As instituted lectors you share with others appointed to read the Word of God in the assembly the great responsibility of preparing and pondering that Word before you read it. But as holders of this office along the journey to priesthood, you have a particular service of the faith and love to give, one that must always be rooted in the Word of God and the desire to be a shepherd. For you being a candidate, lector or acolyte mark stages along the adventure of proclaiming the Gospel and of the mystery of your vocation. For “You did not choose me,” Jesus reminds us today, “no I chose you, and commissioned you to go out and bear fruit, fruit that will last!” (Jn 15:9-17)

INTRODUCTION TO MASS OF THE MEMORIAL OF ST. MARGARET OF SCOTLAND + INSTALLATION OF LECTORS

Redemptoris Mater Seminary, Villawood

A warm welcome to all of you to this Mass for the Memorial of St. Margaret of Scotland, a saint to whom I expect many of you already have a great personal devotion… I’m very glad that we have returned to a sufficient degree of normalcy to allow both this year’s visitation of the seminary and the Rite of Installation of Lectors for Alejandro Giraldo Alvarez, Wellington de Oliveira Prando and Nonie Calunsod Tiburan in the presence of more than just the seminary insiders.


[1] In fact it was Malcolm who killed Macbeth on 15 August 1057 at Lumphanan in Aberdeenshire, not Macduff at Dunfermline as Shakespeare had it.

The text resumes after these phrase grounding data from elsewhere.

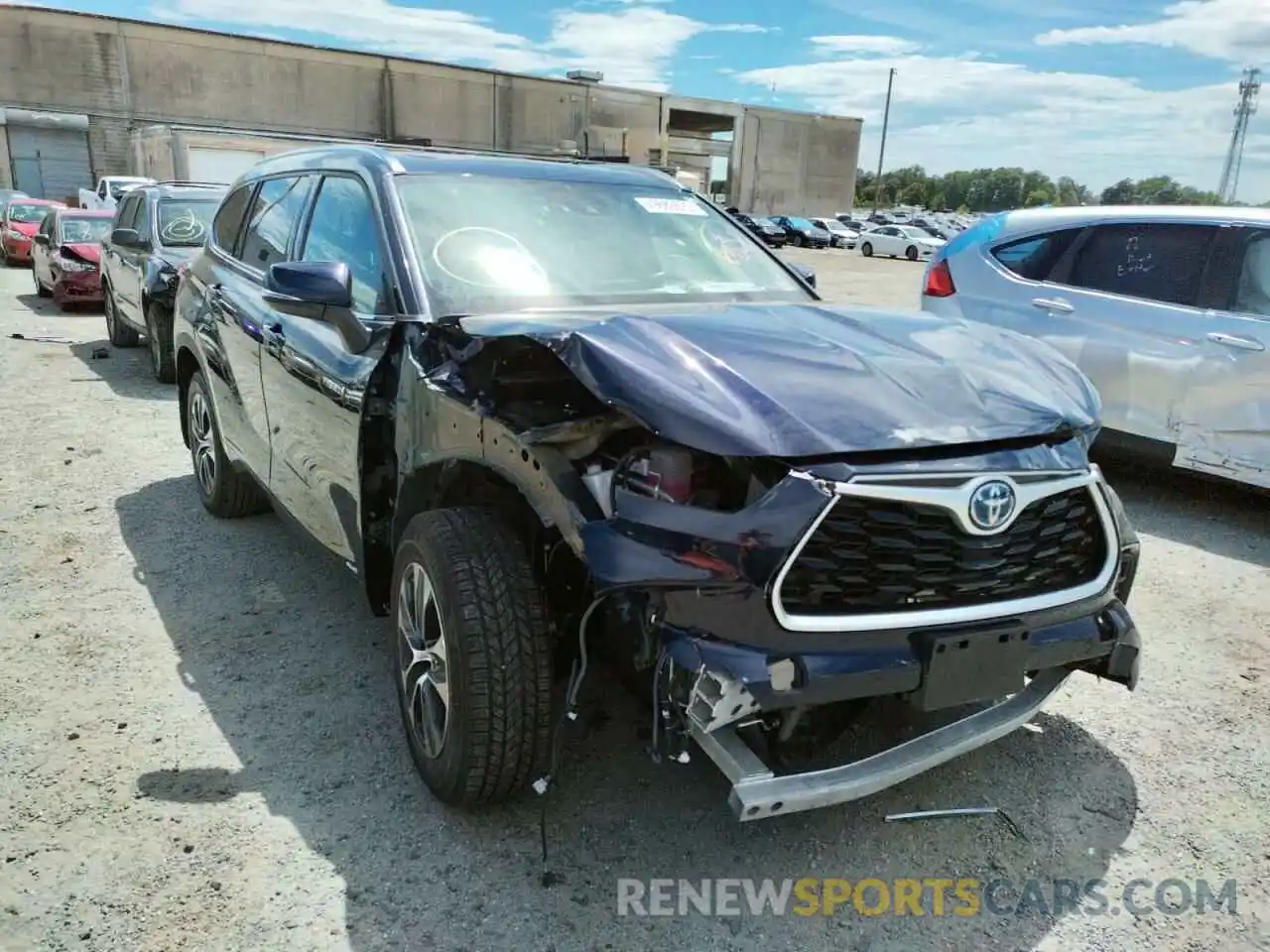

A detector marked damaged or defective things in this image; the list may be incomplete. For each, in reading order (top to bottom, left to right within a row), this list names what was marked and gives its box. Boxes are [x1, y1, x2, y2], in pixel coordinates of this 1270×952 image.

crumpled hood [62, 242, 100, 265]
crumpled hood [456, 301, 1102, 459]
damaged dark blue suv [171, 145, 1143, 822]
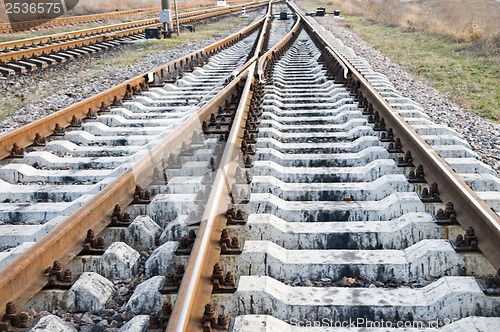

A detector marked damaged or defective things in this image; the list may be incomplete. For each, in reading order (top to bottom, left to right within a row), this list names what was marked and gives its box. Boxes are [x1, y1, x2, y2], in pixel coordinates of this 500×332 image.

rusty metal [292, 1, 500, 268]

Macbeth was succeeded not by Malcolm (as Shakespeare has it) but by Macbeth’s stepson Lulach, who was crowned at Scone on 8 Steptember 1057. Lulach was also killed by Malcolm, near Huntly on 23 April 1058. Only after this was Malcolm inaugurated as king, on 25 April 1058.

[2] Shakespeare, Macbeth, Act 5, Scene 7.

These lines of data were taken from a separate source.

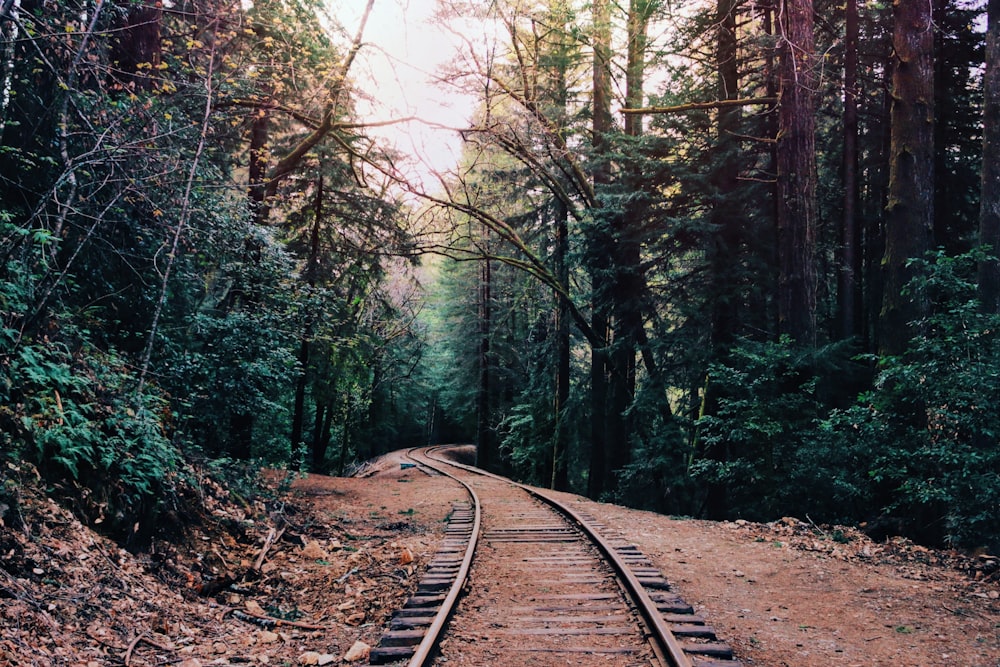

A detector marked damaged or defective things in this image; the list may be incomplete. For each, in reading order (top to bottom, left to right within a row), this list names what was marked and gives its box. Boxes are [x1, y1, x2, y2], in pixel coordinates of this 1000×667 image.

rusty railway track [370, 448, 744, 667]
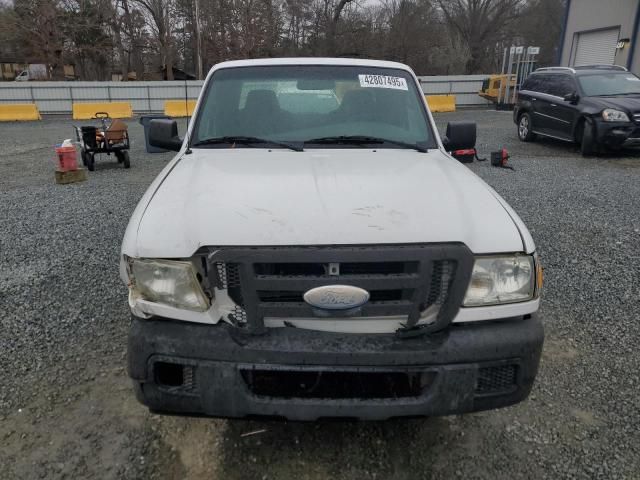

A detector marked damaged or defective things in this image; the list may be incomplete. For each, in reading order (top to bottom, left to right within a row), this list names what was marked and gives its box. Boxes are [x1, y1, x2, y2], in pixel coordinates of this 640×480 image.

cracked headlight [129, 258, 210, 312]
cracked headlight [462, 255, 536, 308]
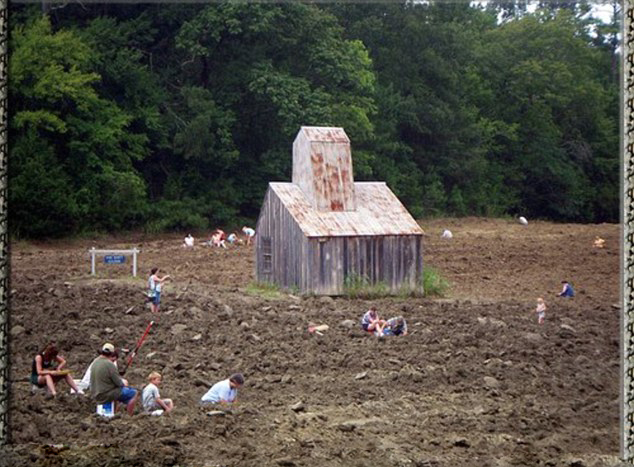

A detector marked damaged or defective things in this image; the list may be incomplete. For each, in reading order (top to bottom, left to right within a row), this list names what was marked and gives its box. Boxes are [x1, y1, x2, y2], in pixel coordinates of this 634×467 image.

rusty metal roof [266, 181, 420, 236]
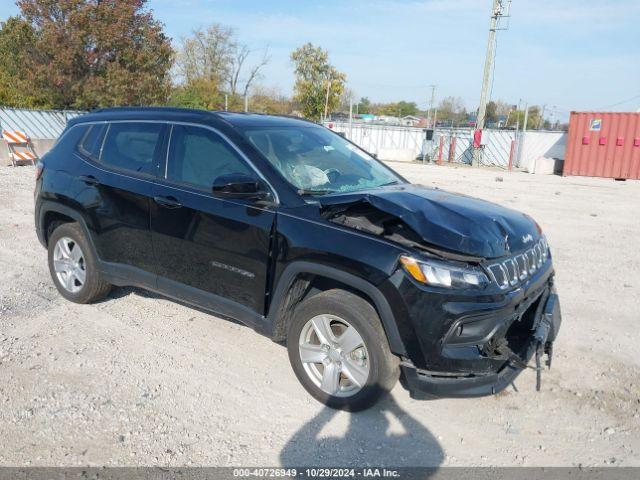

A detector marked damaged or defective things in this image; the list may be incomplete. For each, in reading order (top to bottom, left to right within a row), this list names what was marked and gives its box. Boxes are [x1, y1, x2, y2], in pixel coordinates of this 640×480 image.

damaged headlight [400, 255, 490, 288]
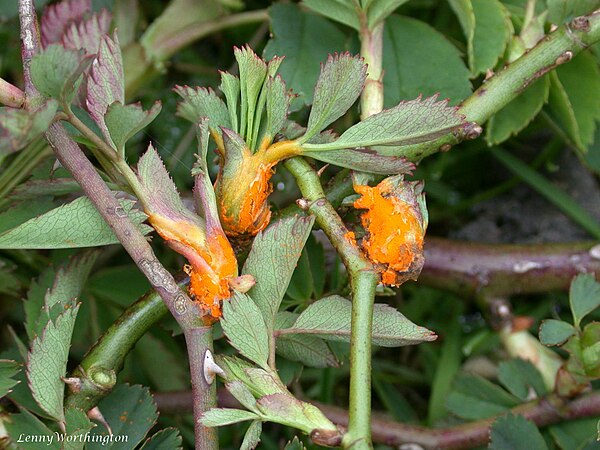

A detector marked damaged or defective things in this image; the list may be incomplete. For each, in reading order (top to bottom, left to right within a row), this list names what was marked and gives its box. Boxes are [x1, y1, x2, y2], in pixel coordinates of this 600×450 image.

orange rust pustule [219, 163, 276, 239]
orange rust pustule [354, 179, 424, 284]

[3] Margaret was born in the Kingdom of Hungary to Edward Ætheling (or Edward the Exile) who spent most of his life in banishment following the defeat of his father Edward Ironside of Wessex by the Danish King Canute in 1016.

[4] Following the death of King Harold at the Battle of Hastings, Margaret’s brother Edgar Ætheling was elected king but never crowned, as the Norman king, William the Conqueror, soon assumed control.

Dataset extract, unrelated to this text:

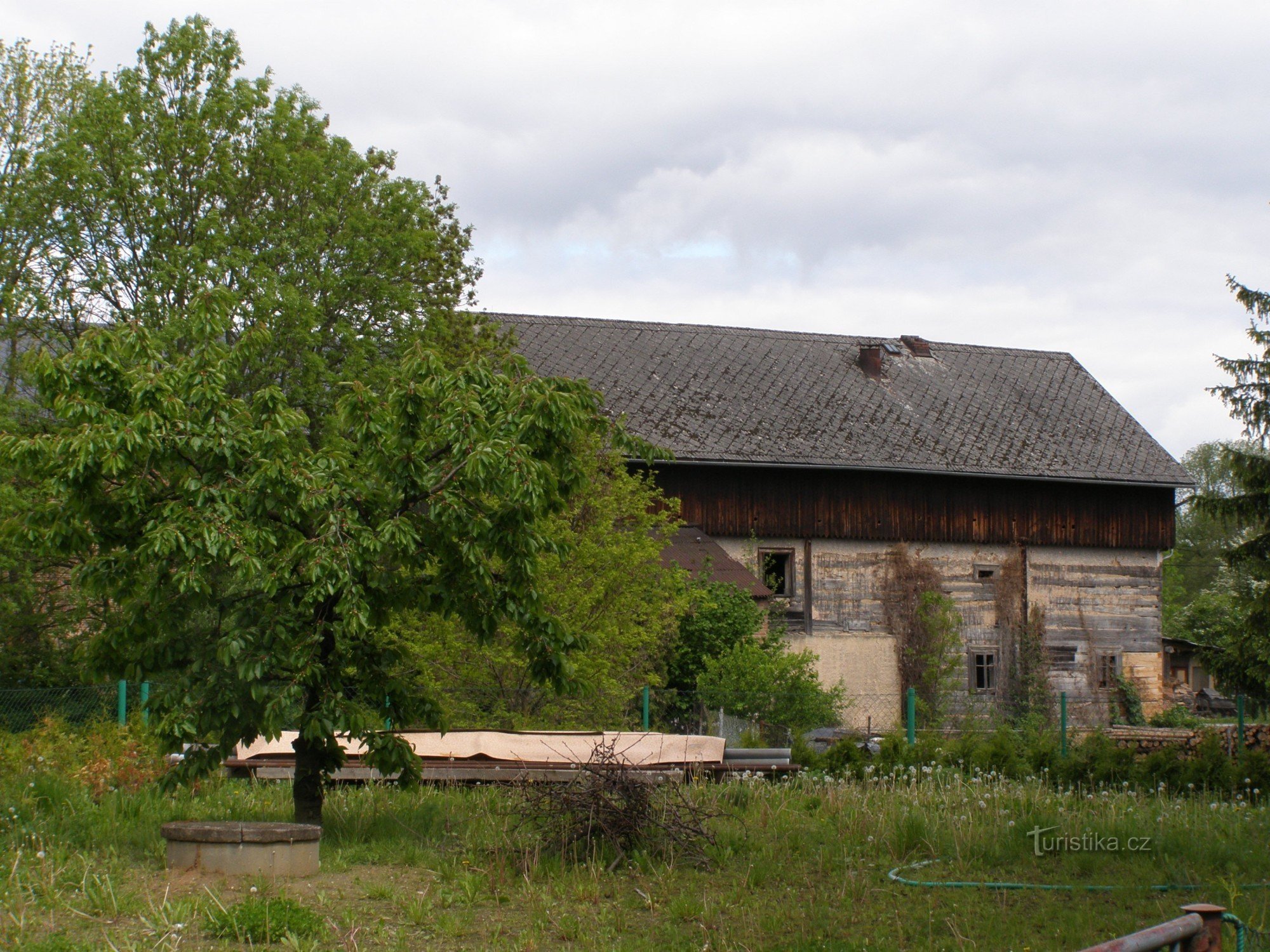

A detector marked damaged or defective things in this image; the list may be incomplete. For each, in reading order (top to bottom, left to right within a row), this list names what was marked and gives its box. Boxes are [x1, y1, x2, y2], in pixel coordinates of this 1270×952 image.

[5] There is some dispute about whether Malcolm was previously married to a Dane, Ingibjǫrg Finnsdóttir.

[6] Edgar (King of Scots 1097-1107), Alexander I (King of Scots 1107-24) and St David I (King of Scots 1124-53); if Edmund of Scotland (who ruled with his uncle Donald III 1093-94) is counted, she was mother of four kings. Princess Edith, renamed Matilda or Good Queen Maud, was Queen consort of England to Henry I 1100-18 and Regent of England in 1104, 1107, 1108 and 1111.

[7] She installed the Rood in Dunfermline where she had been married, had established an abbey, and would be buried. Her son, David I, would later move the relic to his capital in Edinburgh and build Holyrood castle and monastery around it after “a night of a tussle with a muckle hart”.

[8] https://www.abc.net.au/radionational/programs/godforbid/the-catholic-plenary-%E2%80%93-where-to-from-here/13588716.

[9] e.g. the Directors of Aboriginal Catholic Ministry, Archives, Caritas Sydney, the Catholic Institute of Sydney, the Child Protection and Safeguarding Office, the Vicar for Consecrated Life, Sydney Catholic Early Childhood Services, the Ecumenism and Interfaith Office, the Ephpheta Centre for the Deaf, the Legal Department, the Parish Renewal Team, and our directorate for Public Affairs & Engagement.

[10] e.g. the Chancellor and the Executive Director Administration & Finance, the directors of the Anti-Slavery Taskforce, CatholicCare, the Catholic Development Fund, the Catholic Weekly, Fundraising, Confraternity of Christian Doctrine, the Life, Marriage and Family Office, Sydney Catholic Schools, Sydney Catholic Youth, the Sydney Centre for Evangelisation, and University Chaplaincies.